For the entries that follow, retype exactly the lines from the one containing "1994 - 3 р." to the one containing "서울에서 감성캠핑을 즐기다~♥ 서울대공원 캠핑장", inclusive, and only those. Images stay out of the copy.

_EXCERPTED RECORDS_:
☆ ☆ ☆ ☆

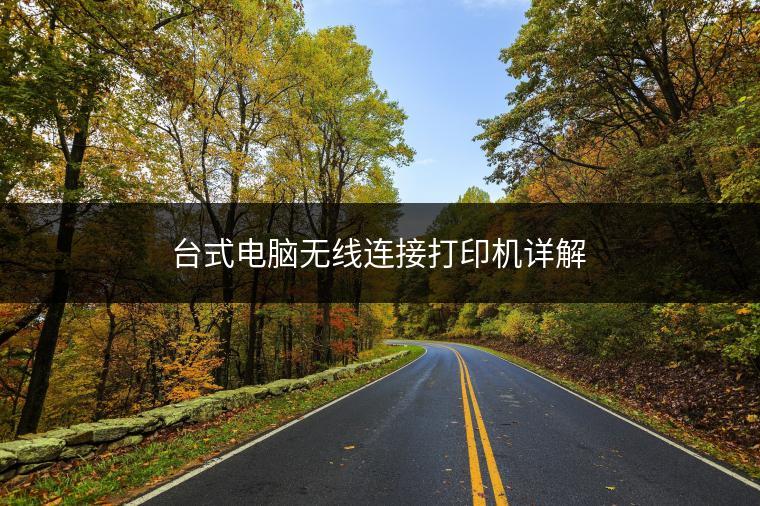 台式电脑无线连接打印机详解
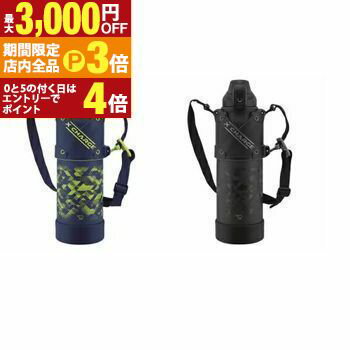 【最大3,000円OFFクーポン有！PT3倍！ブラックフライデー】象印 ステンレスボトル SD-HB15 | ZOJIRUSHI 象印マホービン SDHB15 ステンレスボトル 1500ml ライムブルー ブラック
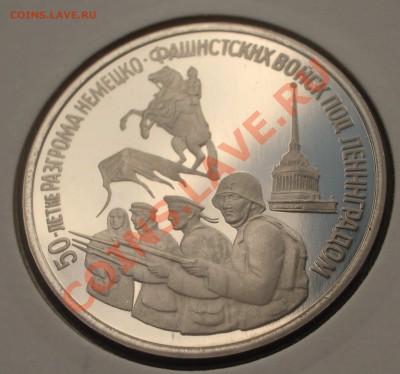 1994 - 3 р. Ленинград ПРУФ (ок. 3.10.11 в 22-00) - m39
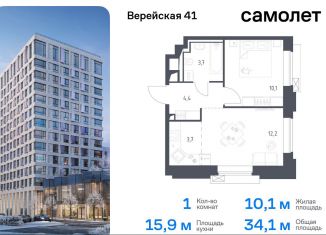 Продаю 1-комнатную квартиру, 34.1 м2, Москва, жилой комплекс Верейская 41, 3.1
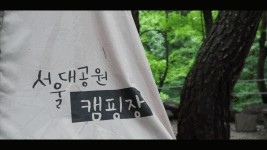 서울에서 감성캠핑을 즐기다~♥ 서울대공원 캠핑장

☆ ☆ ☆ ☆

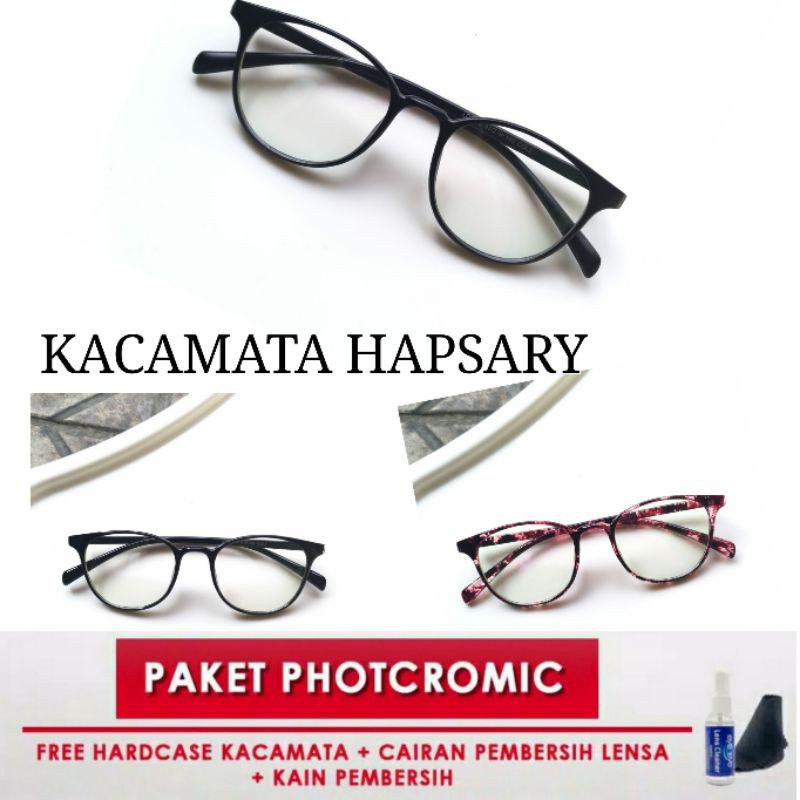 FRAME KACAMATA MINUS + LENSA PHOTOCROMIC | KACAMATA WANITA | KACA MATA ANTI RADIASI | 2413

☆ ☆ ☆ ☆

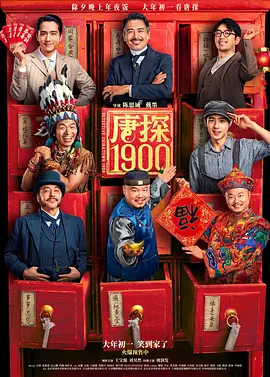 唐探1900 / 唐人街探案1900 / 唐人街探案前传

☆ ☆ ☆ ☆

_RESULT_:
 1994 - 3 р. Ленинград ПРУФ (ок. 3.10.11 в 22-00) - m39
 Продаю 1-комнатную квартиру, 34.1 м2, Москва, жилой комплекс Верейская 41, 3.1
 서울에서 감성캠핑을 즐기다~♥ 서울대공원 캠핑장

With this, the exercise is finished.